The Cover Note is in French and Arabic. I've never had to make a claim, Inshallah!!!


----------



## golau (Jun 26, 2013)

*pembrey*

hi has anyone wild camped at pembrey nere the park ?


----------



## Bambi 2 (Jun 26, 2013)

Byronic said:


> Windyjools broadly sums it up in his post, I haven't been to Maroc for 5 years.
> Only a couple off things to add, Michelin map no 969 is worth taking. I personally wouldn't much trust a satnav
> on anything but the major roads in Maroc, and even then a satnav is far from necessary, most destinations are well signposted in French and Arabic.
> Due to the troubles in Mali this year I found that quite a few French campers at Palmones (where you can get the ferry tickets) put off the trip to Maroc and pushed on to Portugal.
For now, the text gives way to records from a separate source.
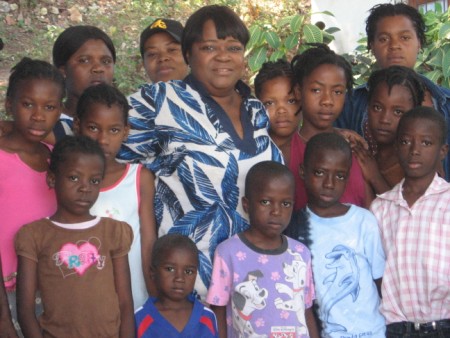 Sarah with Group of Haitian Children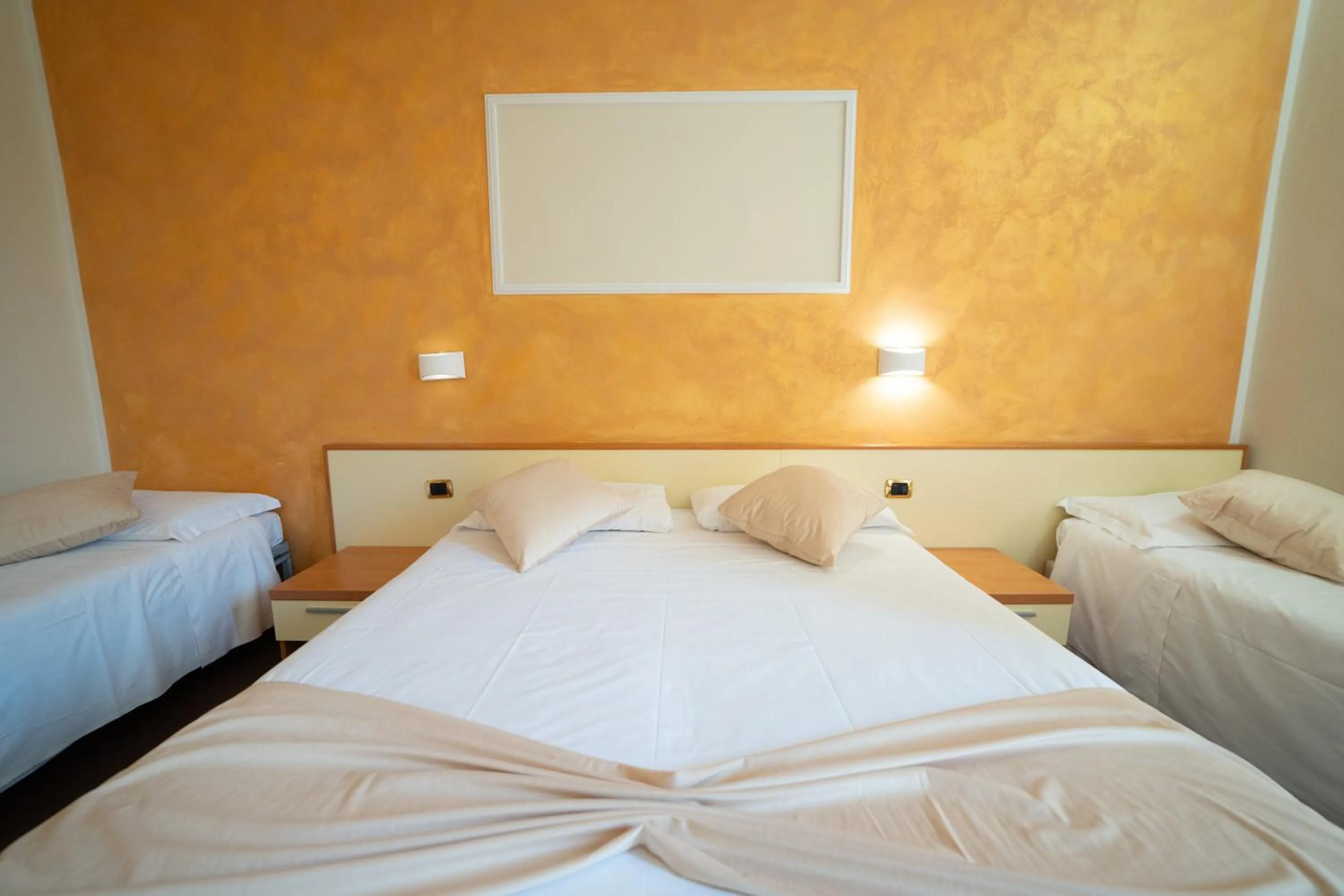 Bed in Hotel Angelica Firenze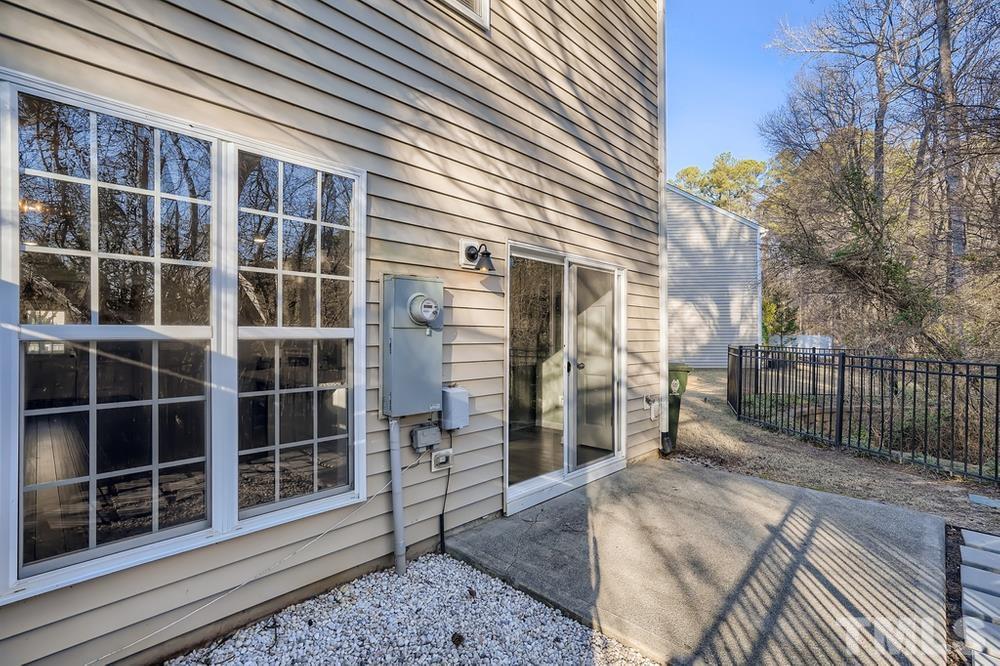 7012 Racine Way Raleigh, NC 27690 - Photo 27 of 28 a view of front door with wooden fence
So you should find things a bit quieter than would otherwise have been the case, no bad thing.
> The WC archives should have a mountain of relevant posts don't forget.



I was in Morocco last winter and my TomTom Truck satnav that I had purchased from Fairytooth  (wildcamping member) got me through Casablanca and Marakech very well I found it a great help. bambi 2


----------



## robjk (Jun 26, 2013)

*Pembrey*



golau said:


> hi has anyone wild camped at pembrey nere the park ?




Yes many times a great spot large car park just before the gate also if you follow single track road arround there is a another spot by the beach ( both on points of interest )

Rob

Not that close to Morroco


----------



## robjk (Jun 26, 2013)

jennyp19 said:


> I've been following these peoples blog, they did a tour of Morrocco not long ago Morocco | Our Tour & also Tunisia + most countries in Europe.  They have also published a book about their trip.




Must agree this blog that blog is worth reading also Europe By Camper - Travelling Europe By Motorhome: Getting into Morocco with a Motorhome 
they have written a lot about their travels 

Rob


----------



## Stanski (Nov 9, 2018)

*MOROCCAN INSURANCE - Rough Costs Please*

Hi Everyone - How are you all - trying to retire again so am investigating Morocco visit and getting MH back on the road after a year working.
Have discovered MH Insurance not cheap or straight forward - but I know many have done this. *Question* - What typical cost of the border insurance?

Anyone planning a trip Enf Jan/ early Feb?


----------



## voyagerstan (Nov 10, 2018)

Heard it’s 200 euro a month 3rd party only , better to get green card from your own insurer ours is free and 6 months , ferry also is 200 open return .


----------